→ **INSTRUCTIONS TO FOLLOW**
All lines from the one holding "Toyota Highlander Limited V6" to the end of the listing are to be output exactly, both ends included, with any pictures left out.

→ **DATA SHOWN**
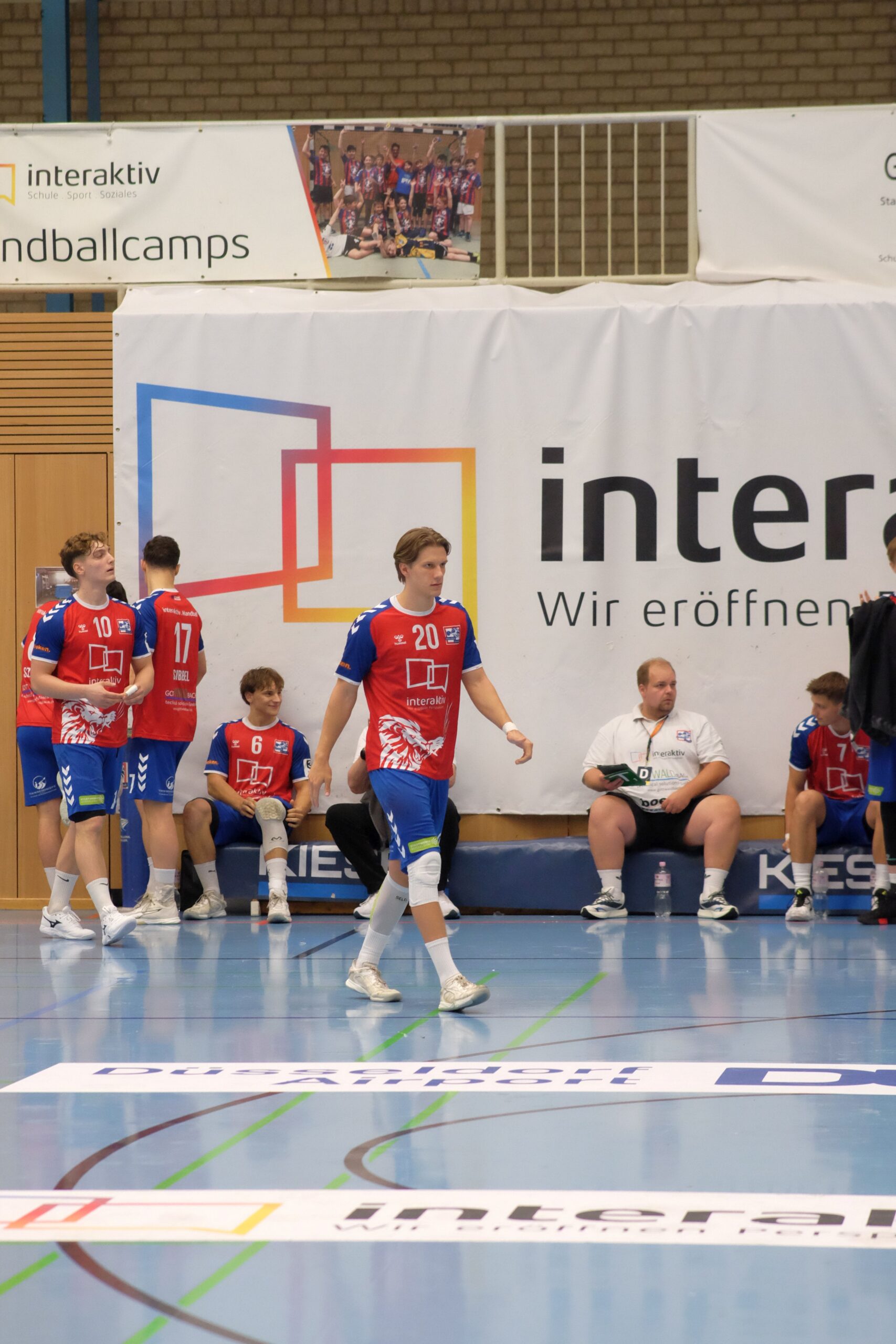 Mehr über den Artikel erfahren Topduell: interaktiv . Handball zu Gast bei der HG Saarlouis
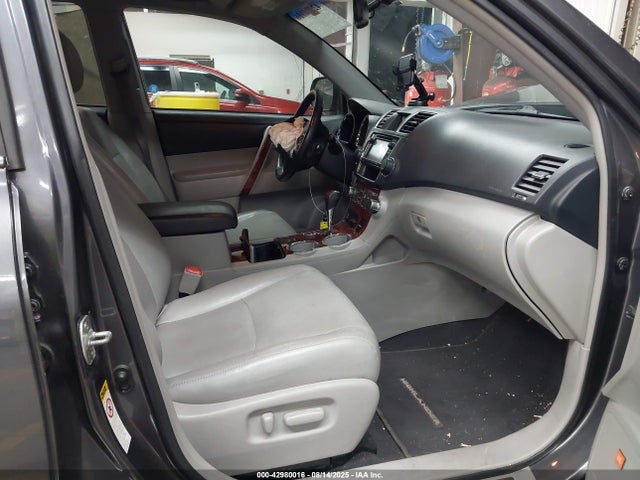 Toyota Highlander Limited V6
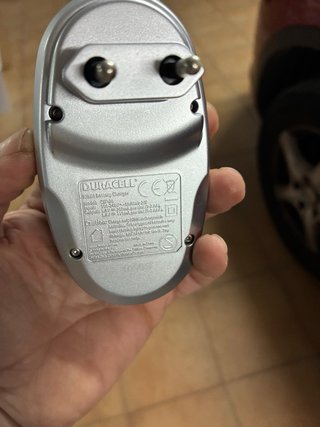 Caricabatterie per batterie Duracell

→ **SOLUTION TO THE PROBLEM**
 Toyota Highlander Limited V6
 Caricabatterie per batterie Duracell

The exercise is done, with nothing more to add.